Seraphim got its start in 2015, and Ostrenga said it has residential, commercial and industrial customers eager for American modules. Seraphim has seen an uptick in inquiries since Suniva’s exit.
“Customers are revisiting their procurement strategies, identifying ways to mitigate supply chain risk and are thinking long-term versus spot purchasing,” Ostrenga said. “Our clients value Made in the USA manufacturing, our bankability through third-party insurance and solar financing partners, high-efficiency modules, quick turn-arounds and our dedication to service.”
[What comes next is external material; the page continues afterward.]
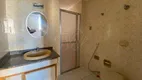 Foto 3 de Apartamento com 3 Quartos à venda, 105m² em Centro, Araraquara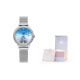 Disney MK-11503L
Stion – Hattiesburg, Mississippi
Although Suniva and SolarWorld produce crystalline modules, the thin-film market is feeling the ripple effects of their struggles and the subsequent trade tariff petition. Stion produces frameless and framed thin-film CIGS modules in a 700,000-sq. ft manufacturing plant in Mississippi. Seth Stulgis, Stion director of marketing, said there has been increased interest from larger developers looking into Stion’s thin-film for future projects.
“Stion takes pride in being a 100% U.S. corporation,” Stulgis said. “We have seen an uptick in interest from developers looking to secure modules before year’s end due to the module shortage for U.S. clients as well as those looking to hedge against a potential minimum import price (MIP). Stion is both a thin-film module manufacturer and makes its modules in the United States, so it is not subject to an MIP.”
Some foreign module manufacturers are cutting back U.S. shipments because of the uncertainty around the trade case. Stion doesn’t have to worry about that and is in fact ramping up its production capacity to 150 MW each year at its Mississippi plant. The team is exploring technical initiatives to add capacity even faster.
“‘American-made’ is who we are and who we have always been,” Stulgis said.
*The photo originally with the Seraphim section was an incorrect image and has been removed and replaced.